French government and oil-interests
Commentators also agree that the sale of the “Louvre” as a brand apparently has been decided at top level in the French government and that the directors at Louvre were totally bypassed in the decision process. Accordingly it is expected that the sale will go through in spite of the massive protests currently underway among the French cultural elite. Too many international oil-interests are at stake. Le Monde has somehow gotten hold of the contract that presumably will be signed in the end of January.  According to the contract the French museums involved shall furnish the Arabian museum with four temporary expositions and approximately 300 pieces on permanent loan for ten years. The 300 pieces will be recycled at least every second year. The new museum will be universal and artefacts shall stem from all the collections of the national French Museums. The money is supposedly to go to the French government and only to some extent be used for conservational projects.

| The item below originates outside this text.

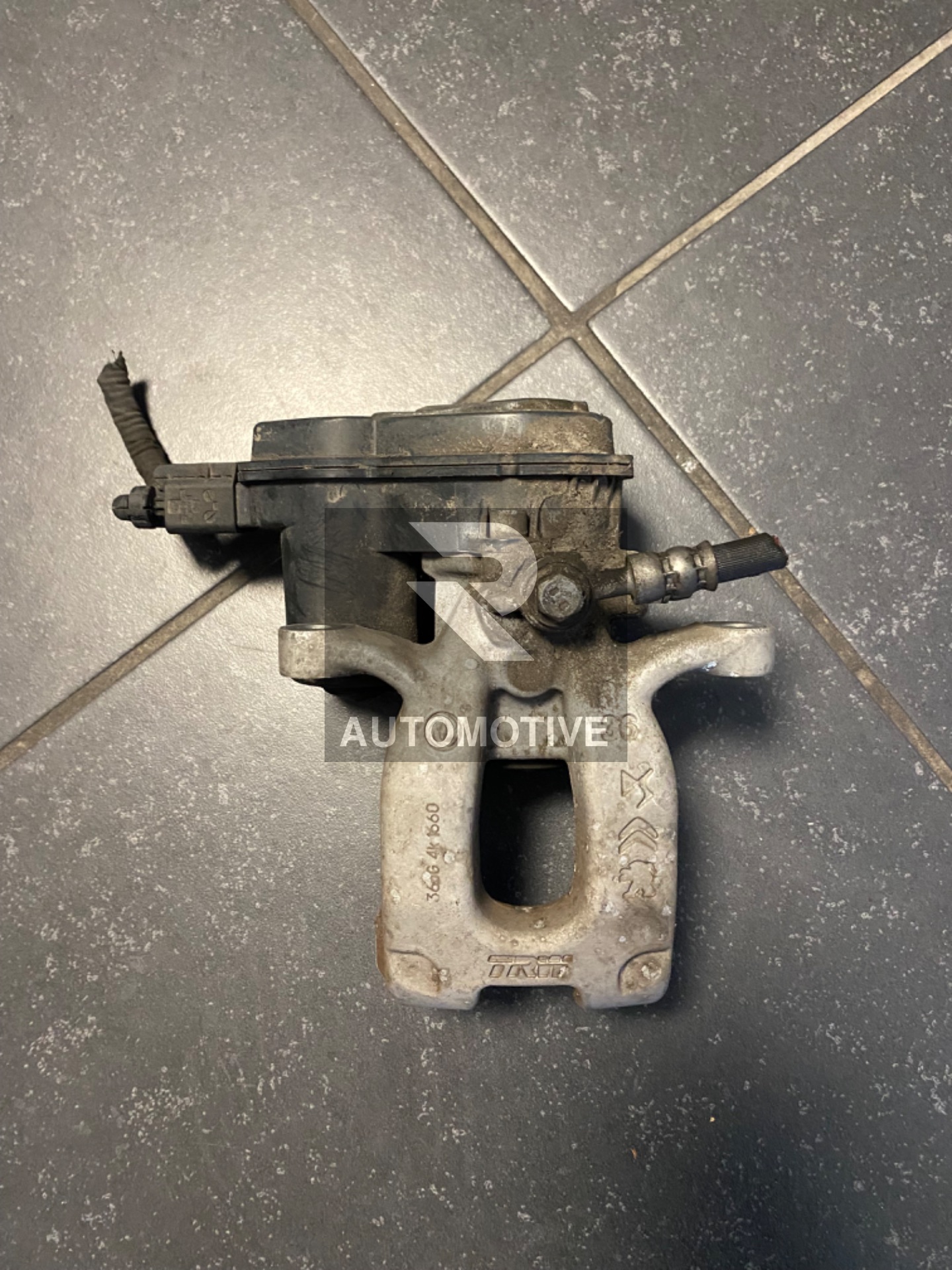 Peugeot, Opel, Citroën rear right brake caliper 9837166080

Who do art collections belong to
The issue is however interesting. Do art collections exclusively belong to the nations where they more or less by chance ended up? Or do they belong to our common human heritage? How do we secure access to them?  Is that done by relocating them to exotic tourist locations characterised in the promotional material as playgrounds for the rich and mighty including berthing for boats, boutique hotels, luxury apartments plus a mediatheque, an oceanarium, a Maritime Museum, a National Museum, a Modern Art Museum and a “Louvre”? Or should one rather disperse the collections in a number of locations throughout the nation?